Obviously, research is constantly progressing. This has the consequence that beyond the undergraduate level courses are hardly static. If you taught a course on automata theory in 2016, you probably could have used the same material in 1996, and even in 2036 you or your successor would do fine with it. The reason is that this particular field is bascially a dead end for research, if I am not mistaken. In any case, there is certainly not a lot of funding in this area. To make it simpler, just take a basic course on data structures: linked lists, stacks, queues, trees and so on will be required basics for computer science majors until kingdom come.

On the other hand, at the graduate-level you are getting closer to the research frontier.
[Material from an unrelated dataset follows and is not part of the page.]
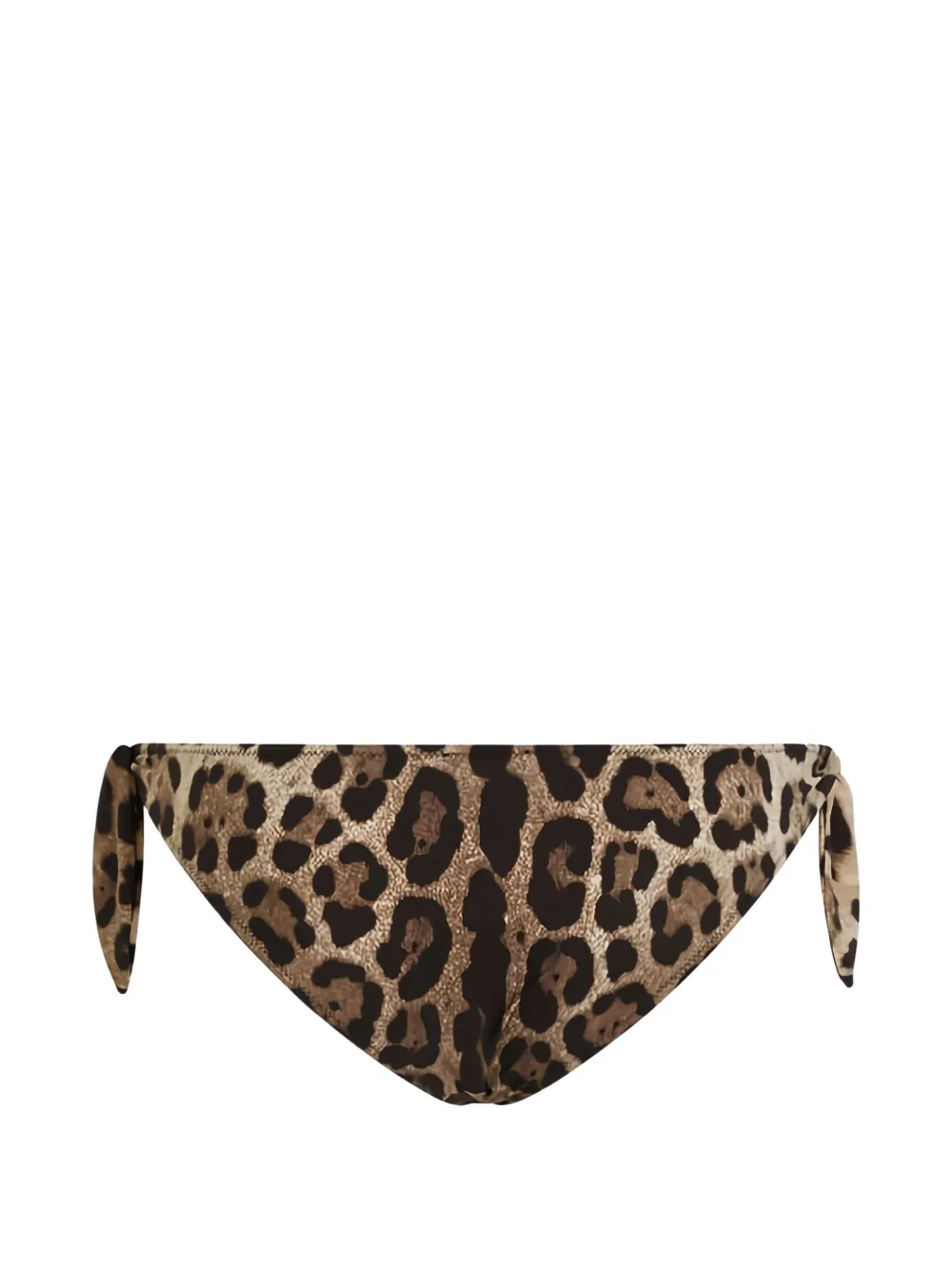 Dolce & Gabbana Badpak met bloemenprint Zwart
In several of the courses in my CS MSc program we at the very least briefly touched upon ongoing research problems. In fact, it was not at all uncommon that professors would use at least one lecture to present their own research, which was, unsurprisingly, rather typical in courses that were advertised as joint MSc/Phd courses. Those normally included local and external guest lecturers as well. Furthermore, at least some recent papers are included in a typical graduate-level course. Sometimes you may even get access to papers that are under submission. As a consequene, the content of a graduate-level course is hardly static but will instead, albeit to varying degrees, depending on how far a particular field moves, change year after year.

In contrast, let us now look at what the OMS CS does. Frankly, it is rather off-putting, and, at least from my point of view, contradicts what graduate-level education should stand for. Instead of leading you closer to the research frontier, they instead record courses, conserve them, and broadcast them in frequent intervals, apparently with only little changes. Professors receive a one-off compensation for creating a course, and a fixed fee for each run. This alone should be reason enough to turn every intellectually curious student off. Besides, the Udacity courses I took were among the weaker MOOCs I have encountered, so the thought of having Udacity-style MOOCs as the main teaching vehicle makes me raise an eyebrow.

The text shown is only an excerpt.